━━━━━ Source information

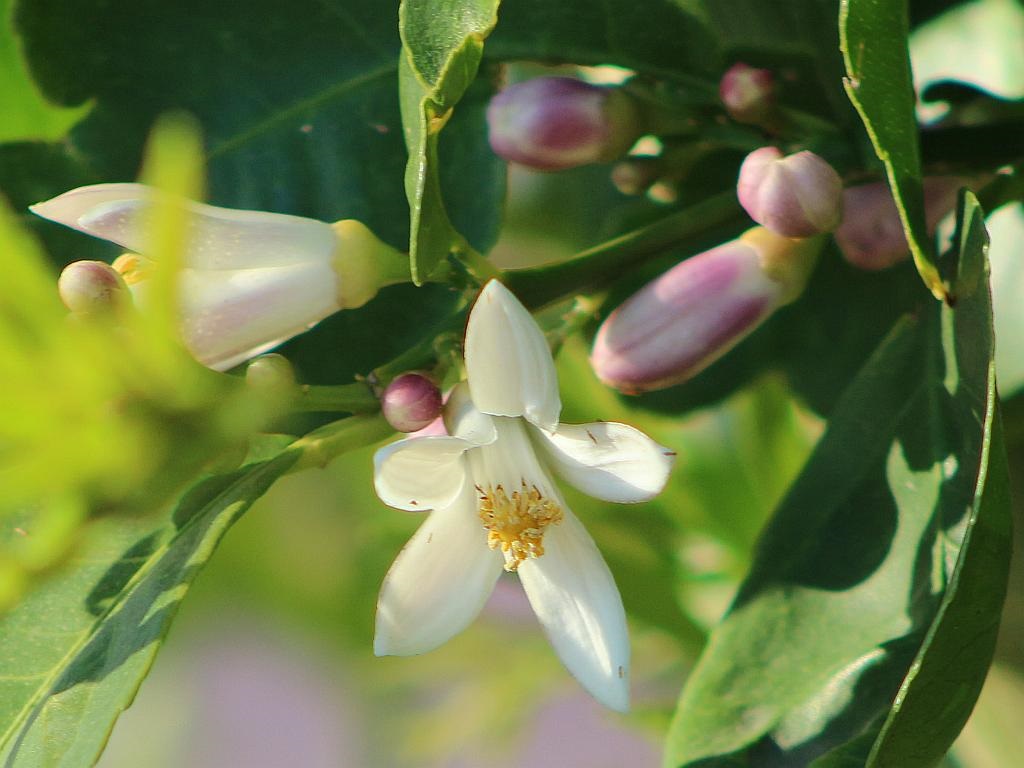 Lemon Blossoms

━━━━━━━━━━
━━━━━ Source information

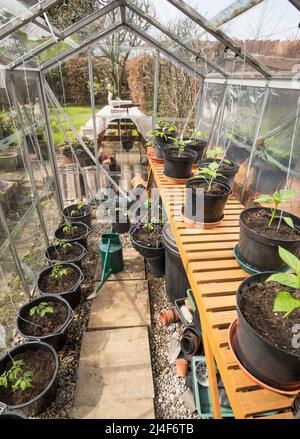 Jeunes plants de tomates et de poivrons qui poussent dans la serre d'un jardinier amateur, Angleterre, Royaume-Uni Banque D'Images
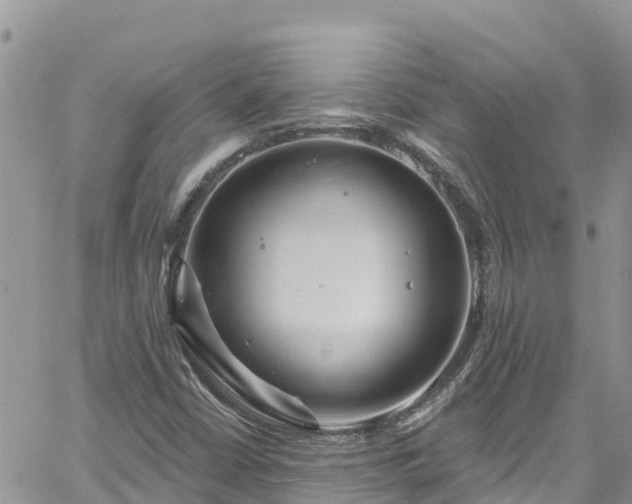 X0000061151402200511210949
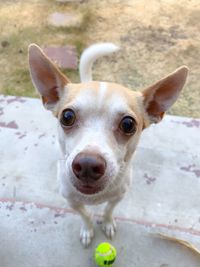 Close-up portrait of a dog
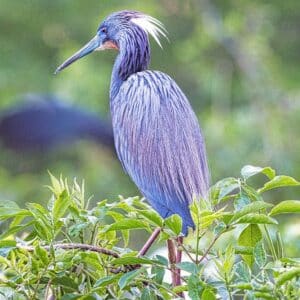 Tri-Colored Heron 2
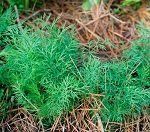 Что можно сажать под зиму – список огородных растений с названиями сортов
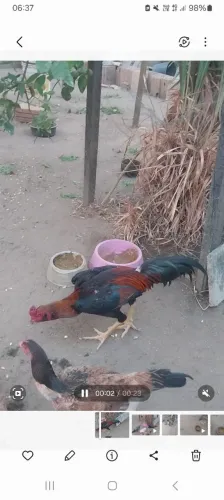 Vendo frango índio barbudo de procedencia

━━━━━━━━━━

§ How to complete this task
Using the material above, reproduce only the lines that run from the line with "X0000061151402200511210949" up to and including the line with "Vendo frango índio barbudo de procedencia", exactly, with the pictures dropped.

§ Task result
 X0000061151402200511210949
 Close-up portrait of a dog
 Tri-Colored Heron 2
 Что можно сажать под зиму – список огородных растений с названиями сортов
 Vendo frango índio barbudo de procedencia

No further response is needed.